Chinese property developers experienced volatility on Monday as investor sentiment wavered over Beijing's recent measures aimed at stabilizing the beleaguered real estate sector. Despite being hailed as "historic" steps, the efforts appeared insufficient to instill confidence and drive a sustainable recovery in the market. The Hang Seng Mainland Properties Index dipped 0.7%, erasing some of the gains accrued earlier in the month following the Politburo's pledge to coordinate efforts to reduce housing inventory.

Embattled state-backed developer China Vanke saw its shares ease 0.2% after an initial surge of 6.4% in the morning session. Other developers, including Shimao Group, R&F Properties, Kaisa Group, and KWG Group, suffered significant declines, each losing over 10% of their value. This decline followed China's unveiling of measures on Friday to facilitate up to 1 trillion yuan ($138 billion) in funding and to ease mortgage rules, with local governments set to purchase some apartments.

Central to these measures, the People's Bank of China announced the creation of a 300 billion yuan ($41.49 billion) relending facility for state-owned enterprises to purchase completed and unsold homes at "reasonable prices" for affordable housing. The central bank expects this relending program to generate 500 billion yuan in bank financing. However, analysts expressed skepticism about the impact of these measures given the scale of the challenges facing the sector.

Larry Hu, chief China economist at Macquarie, noted, "Given its limited size and the various challenges in execution, it alone is unlikely to solve the problem." He emphasized that while the government's decision to act as a buyer of last resort is an important step, the financing on offer pales in comparison to the trillions of yuan worth of housing inventory across the country. Official data showed 391 million square meters of new housing for sale from January to April, equivalent to 6.6 Manhattans, underscoring the enormity of the task at hand.

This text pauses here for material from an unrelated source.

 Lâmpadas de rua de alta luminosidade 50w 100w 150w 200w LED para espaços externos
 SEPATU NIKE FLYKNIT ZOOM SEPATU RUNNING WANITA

Bank of America's head of Greater China property research, Karl Choi, highlighted that the social housing programs are only mandated in larger cities. He estimated that the 500 billion yuan in funding could purchase up to 15% of inventory in tier-2 cities at a deep discount. Macquarie economists pointed out that achieving the government's policy goal of clearing housing inventory in 18 months, versus the current 28 months, would cost an estimated 2 trillion yuan.

The government's previous measures, including a 100 billion yuan facility introduced in January 2023 for eight pilot cities, have seen limited success. Only around 2 billion yuan have been drawn down by January this year, highlighting the lack of incentives and participation from the market. Local governments, already burdened with approximately $9 trillion in debt, may be reluctant to expand their social housing projects due to low returns. Banks, too, would be hesitant to lend to potentially loss-making businesses.

Goldman Sachs has predicted that it could take up to nine months to stabilize China's property prices if the government launches a full-scale program to reduce inventory. The effectiveness of these measures will largely depend on how quickly and efficiently they are implemented. Despite the supportive stance signaled by policymakers, the key to a property market recovery lies in reviving homebuyer confidence, analysts say.

Li Gen, chairman of Beijing G Capital Private Fund Management Center LLP, expressed doubt about the current market conditions motivating entities to take up the government's measures. "The demand for property is weak with many people concerned about jobs and incomes in the future," he said.

The central bank has also removed a floor on mortgage interest rates and lowered the minimum down payment ratio for first- and second-time homebuyers, aiming to stimulate the housing market further. These steps come as part of a broader strategy to address the issues plaguing the real estate sector, including the large stock of pre-sold, unfinished homes, which Nomura estimated to number around 20 million.